January 29, 1990: Apple CEO John Sculley appoints Michael H. Spindler as the company’s new chief operating officer.
Nicknamed “The Diesel” on account of his work ethic, Spindler’s new job continues his upward trajectory at Apple. Three years later, he will become CEO.
Carving out a name for himself
Born in Germany, Spindler started his career working at the Paris-based European subsidiary of DEC, before moving to the European sales office for Intel. There, he made friends with Mike Markkula, who went on to become Apple’s first major angel investor and its second CEO.

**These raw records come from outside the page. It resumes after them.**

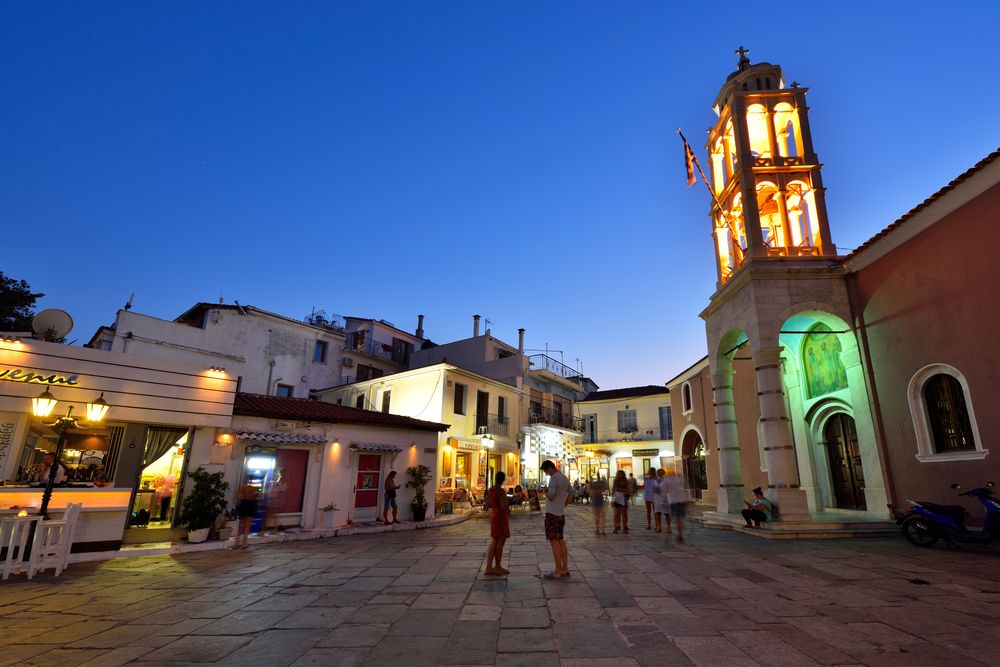 People touring around Old Town Skiathos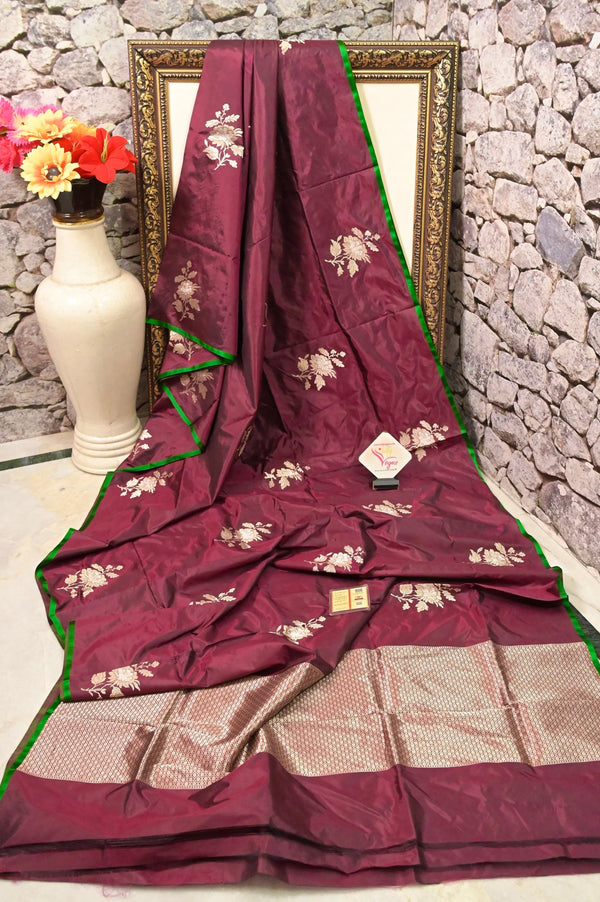 Pure Katan Banarasi Saree in Deep Wine Color with Allover Silver and Golden Zari Meenakari Butta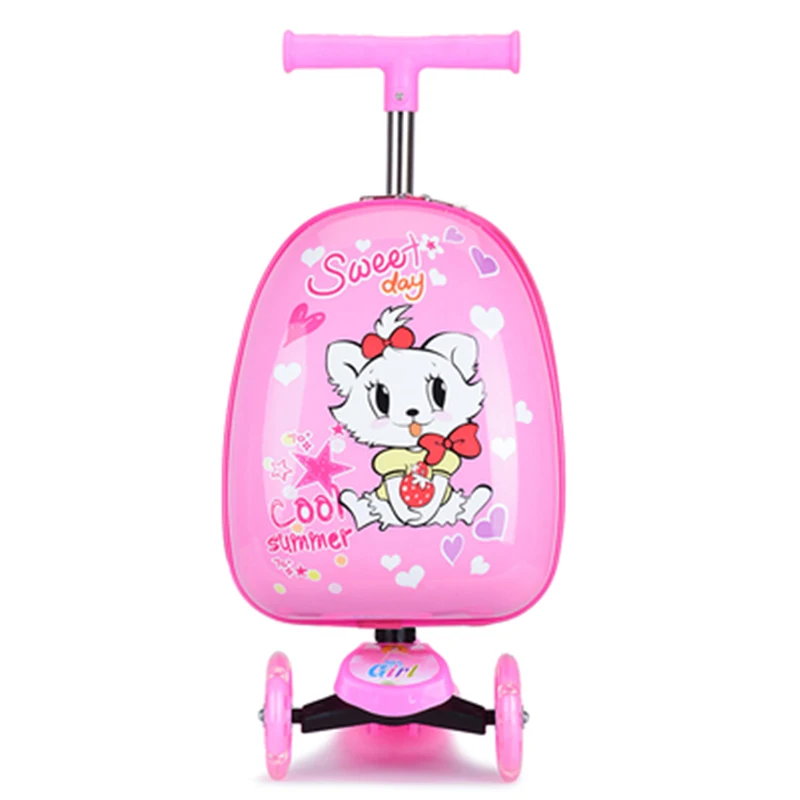 Cute Cartoon kids scooter suitcase on wheels Lazy trolley bag children carry on cabin travel rolling luggage Skateboard bag gift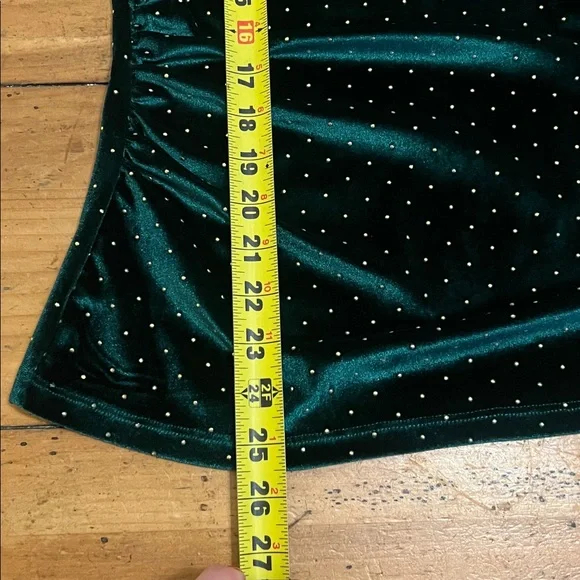 Michael Kors Dark Green velvet blouse size L - Picture 8 of 12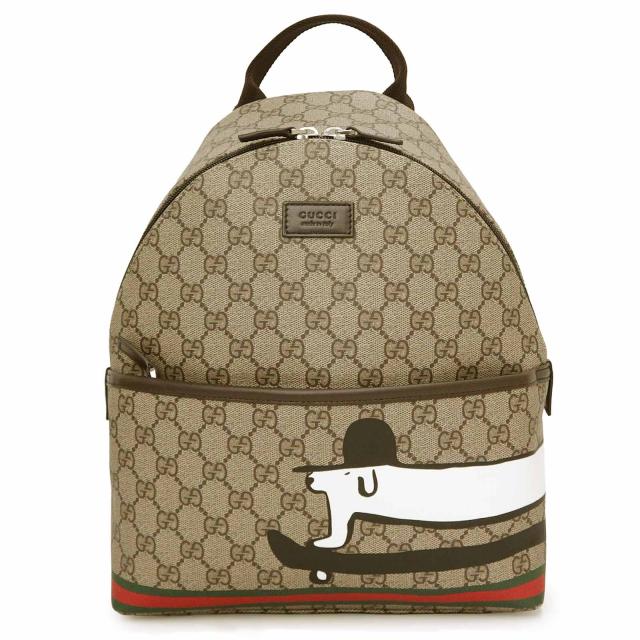 （新品・未使用品）GUCCI グッチ 782708 チルドレンズ ドッグ GGスプリームキャンバス PVC レザー ブラウン ベージュ リュック デイパック バックパック シルバー金具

In 1980, Markkula recruited Spindler to work in marketing in Apple’s European office, shortly after the Apple II first went on sale. According to legend, Spindler went months without a paycheck from Apple because the company couldn’t figure out how to send funds to Belgium from California.
Apple Europe became a big success, and Sculley quickly recognized Spindler for his hard work. In 1983, Apple promoted Spindler to executive vice president of marketing. As a result, he began working a couple days per month in Cupertino.
A great strategist, Spindler was well-liked by Sculley. One of his big achievements was helping bring to market KanjiTalk, which allowed the Mac to offer a Japanese-language interface. It became a big hit.
Michael Spindler rises through the ranks at Apple
After Steve Jobs left Apple in 1985, Spindler got some attention for delivering a passionate speech about the company. It ended with the line: “Apple beats with two hearts — our California heart and the heart of the local company.”
Spindler’s next promotion made him head of Apple Europe. At around this time, an executive named Jean-Louis Gassée — who took over the Mac division after Jobs left — experienced a stumble in his upward trajectory at Apple. Due to component shortages in 1989, specialist parts became pricier. Gassée didn’t want to sacrifice profit margins, and raised the price of high-end Macs by nearly 29 percent. The move proved disastrous.
While the U.S. division struggled, however, Apple Europe fared much better. In just a couple of years, sales in Europe grew from $400 million to $1.2 billion. This meant that Apple Europe made up a quarter of Apple’s overall business.
Spindler became Apple’s chief operating officer in January 1990. It was a questionable choice, since Spindler was more suited to strategy than an operations role. Shortly after he assumed the position, Gassée left Apple.
Spindler’s rise continues
This wasn’t the end of Spindler’s rise. When Sculley was ousted as CEO in 1993, Spindler became Apple CEO. Although he made a number of correct calls in this job, it was also one of Apple’s lowest points in history. The company suffered through collapsing Mac sales, massive layoffs and a $188 million quarterly loss.
Spindler also oversaw disastrous projects like the never-completed Copland operating system. He left Apple in 1996, replaced by Gil Amelio.